My mom recommended this to me. It's a delightful British mystery series (that apparently has some of the same writers who worked on Foyle's War). It's been on the air for years, so there are many episodes, and more are coming. John Nettles plays a dedicated, likeable police inspector in current-day rural England, in a fictional county, Midsomer, that visually evokes the ultimate ideal of English countryside. The show is chock full of quaint English villages, beautiful English gardens, charming thatched cottages, cozy village pubs, crumbling stately manors, lush greenwood settings... and homical maniacs! (After watching the series for a while, you begin to think of the lovely English countryside as far too dangerous for a vacation.) Many of the episodes are built around popular English country life and folklore motifs, such as the Green Man, Celtic mythology, gardening fanatics, second sight, hauntings and ghosts, amateur theatricals, traveling folk, fox hunters, and so on. It's great fun! And since Midsomer County always seems to be in bloom and greenery, it's particular soothing to watch during a Midwestern winter.

 

Rome
(UK, 2005-2007)

Rome
Filmed entirely in Italy (but with mostly British actors in the lead roles), this is a vivid, compelling portrayal of the late-Republic in Rome, from Caesar's conquest of Gaul, through the crowning of Augustus as Emperor.

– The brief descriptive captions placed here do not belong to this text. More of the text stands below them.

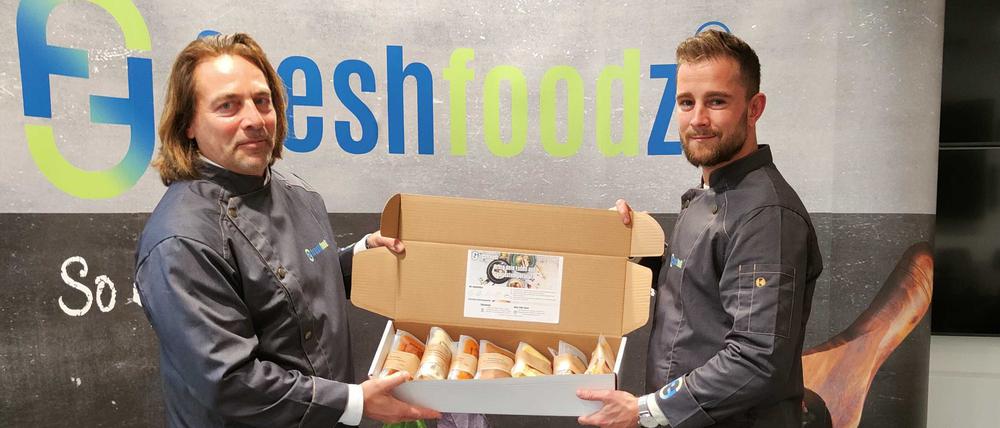 Freshfoodz-Chef Karsten Streeck (l.) und sein Mitarbeiter Lucas Gerigk mit einer „Genussbox“, die sieben Gerichte enthält.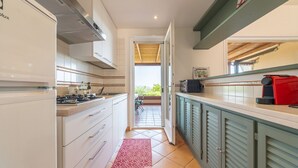 Cucina piccola con mobili bianchi, un elettrodomestico rosso e vista su un patio esterno.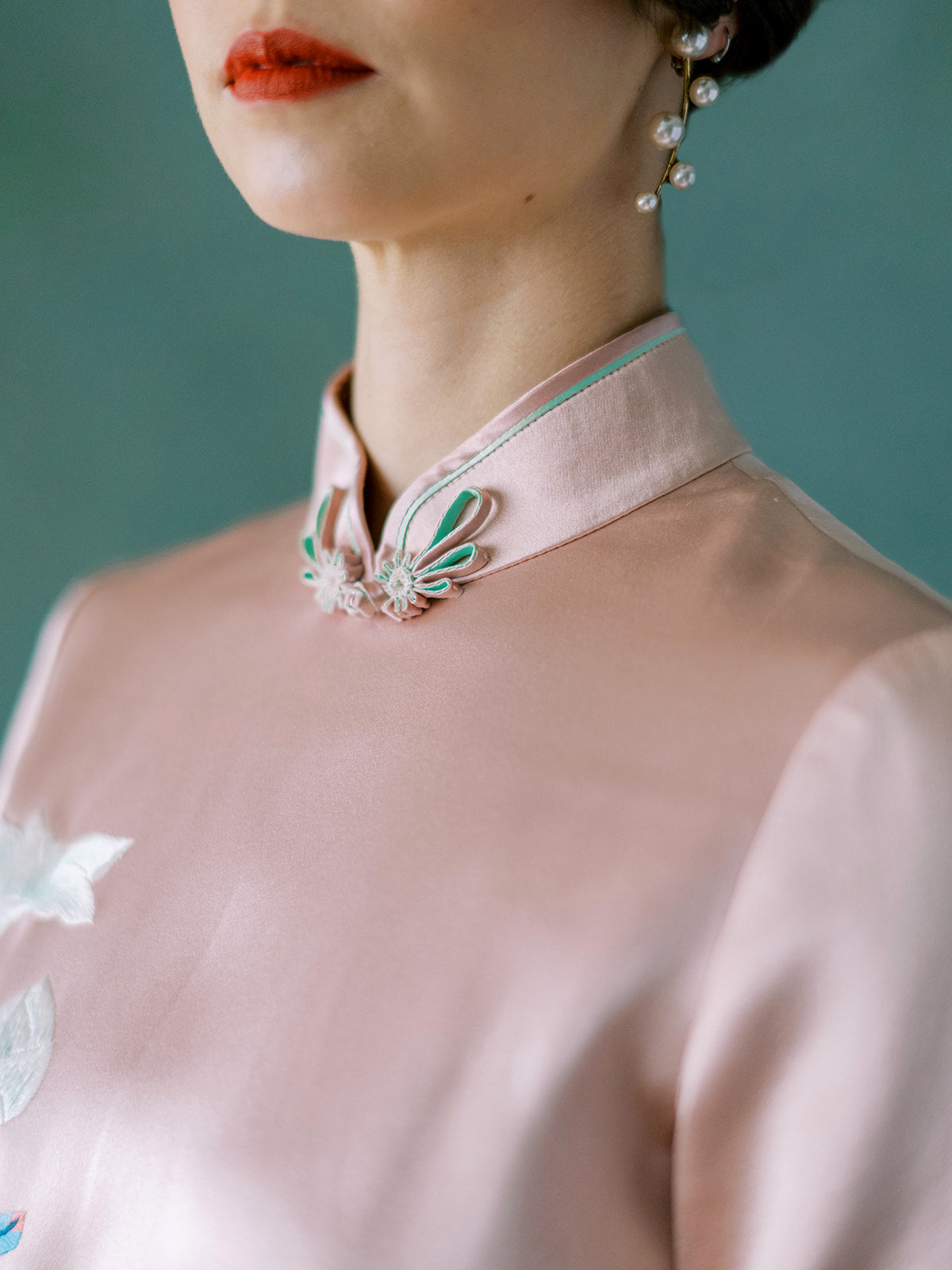 Green silk trim and floral Pankou knots on ¾ sleeve blush Qipao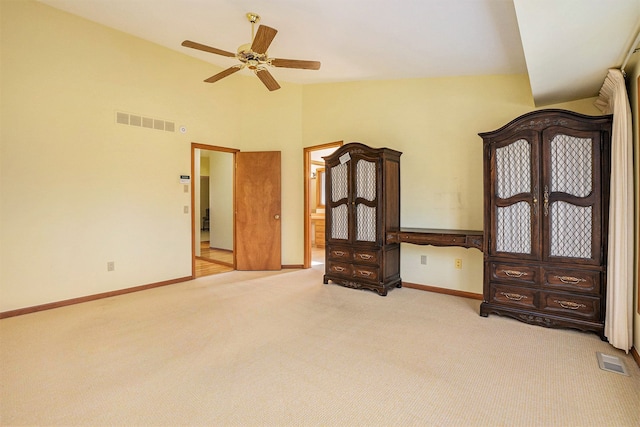 interior space featuring baseboards, visible vents, carpet, and ceiling fan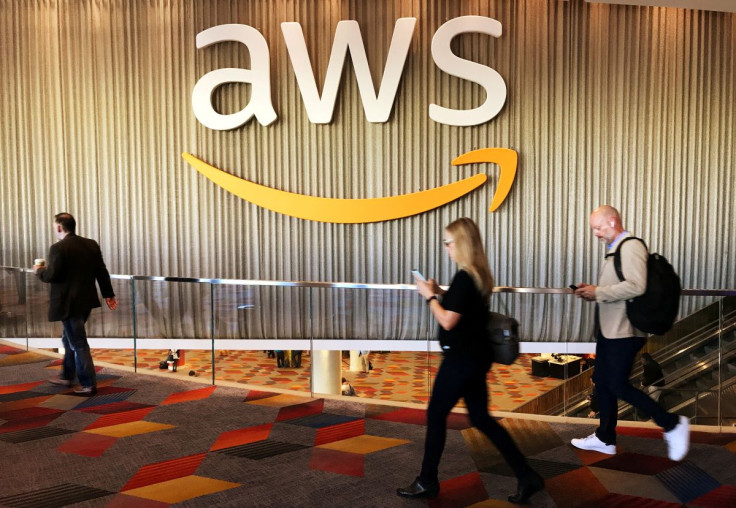 Attendees at Amazon.com Inc annual cloud computing conference walk past the Amazon Web Services logo in Las Vegas, Nevada, U.S., November 30, 2017.  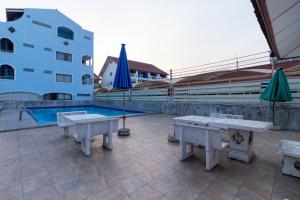 华欣瑟普莱海滩酒店的游泳池旁带桌子和遮阳伞的天井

I wouldn't recommend this for family viewing, since it's a frank portrayal of a very different era, in which sex wasn't particularly private and violence was a fact of daily life. It's full of fascinating period detail (I really enjoyed the DVD feature that lets "Historical Notes" pop up during scenes), top-level production values, strong writing, complex stories, and terrific performances. Although it's hard to find anyone in the series to like, there are nonetheless many compelling characters here whose stories are absorbing. There are two seasons, and I think the first season is the better one. It covers Caesar's rise to power. The second season covers the years of chaos and (more) civil war that followed Caesar's death, and although it's still very good, a number of the most compelling characters are dead in season two. Since this is due to history, rather than creative choice, it's not the writers' fault, of course. Also, I thought the portrayal of Cleopatra, who appears more in the second season, was way off-base. But, overall, excellent, action-packed, conflict-filled drama.